## Recorded data
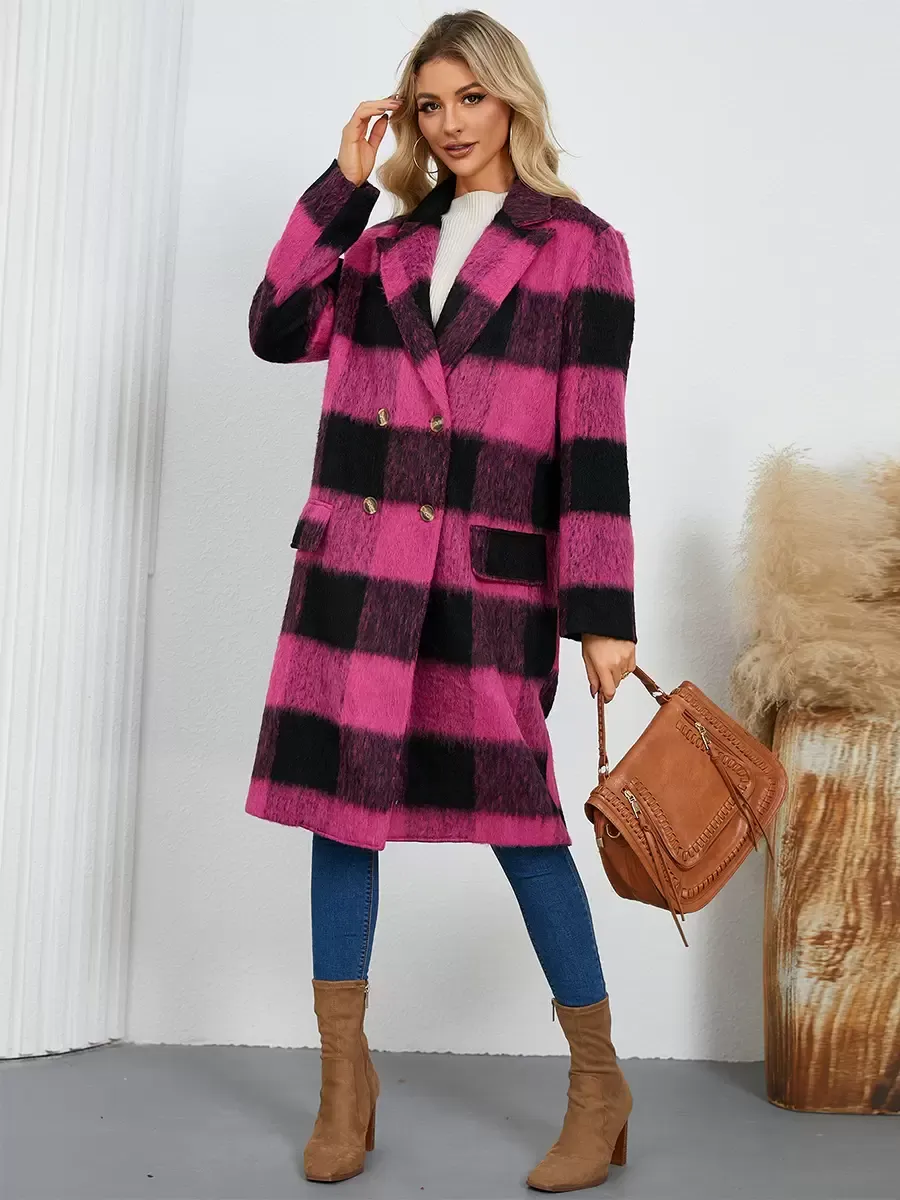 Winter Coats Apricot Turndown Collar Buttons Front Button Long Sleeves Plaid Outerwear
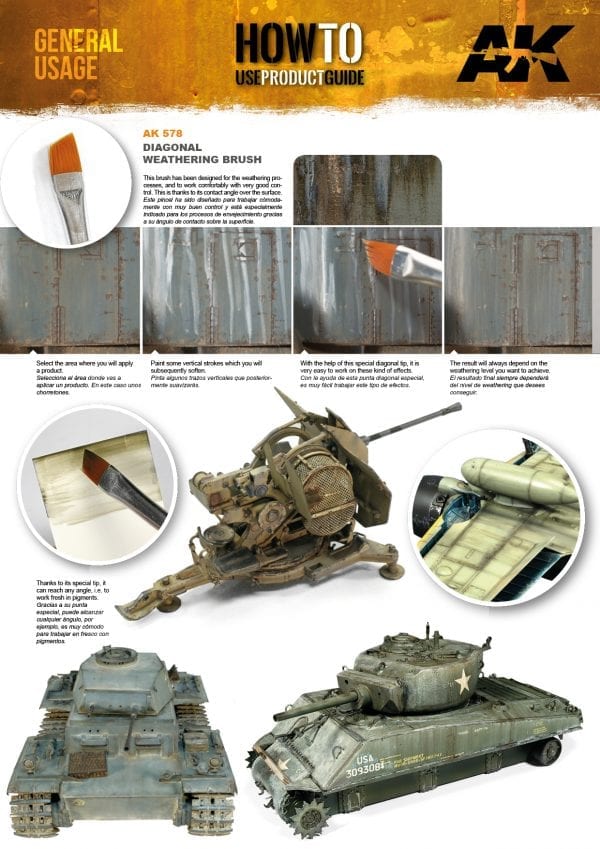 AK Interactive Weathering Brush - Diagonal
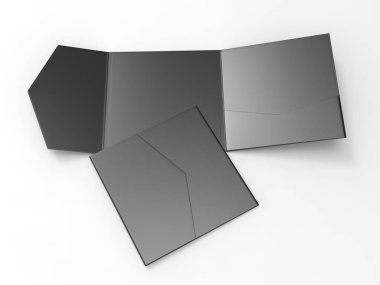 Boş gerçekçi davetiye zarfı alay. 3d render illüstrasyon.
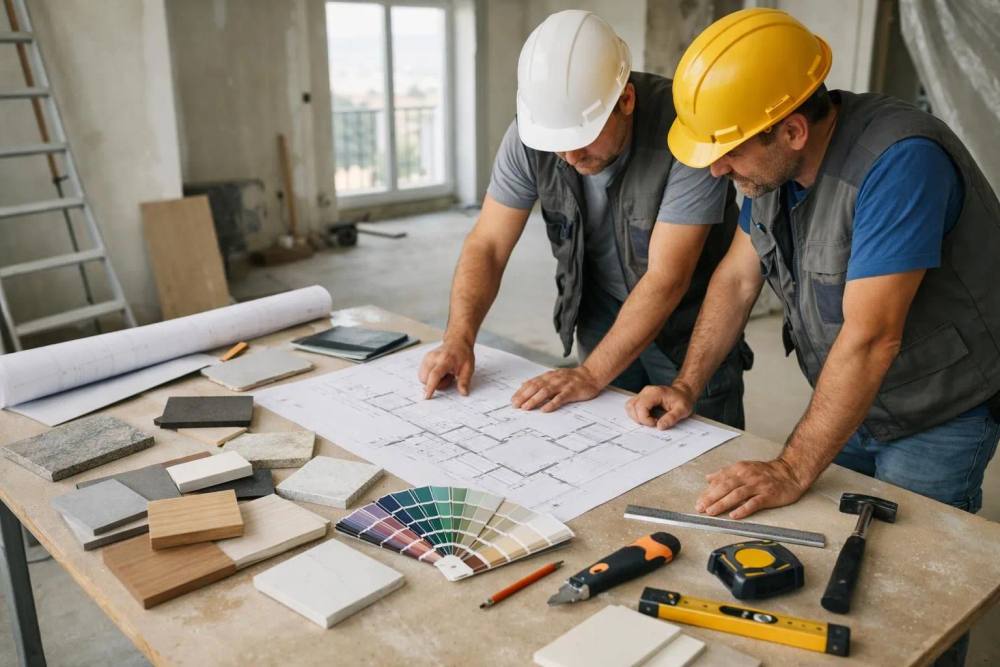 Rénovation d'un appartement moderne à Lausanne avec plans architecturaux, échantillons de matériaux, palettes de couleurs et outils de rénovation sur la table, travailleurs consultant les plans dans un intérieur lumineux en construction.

## Aim of the exercise
Beginning with the line that includes "Boş gerçekçi davetiye" and ending with the last line of the material, reproduce those lines exactly and nothing else, with no pictures.

## Answer for the task
 Boş gerçekçi davetiye zarfı alay. 3d render illüstrasyon.
 Rénovation d'un appartement moderne à Lausanne avec plans architecturaux, échantillons de matériaux, palettes de couleurs et outils de rénovation sur la table, travailleurs consultant les plans dans un intérieur lumineux en construction.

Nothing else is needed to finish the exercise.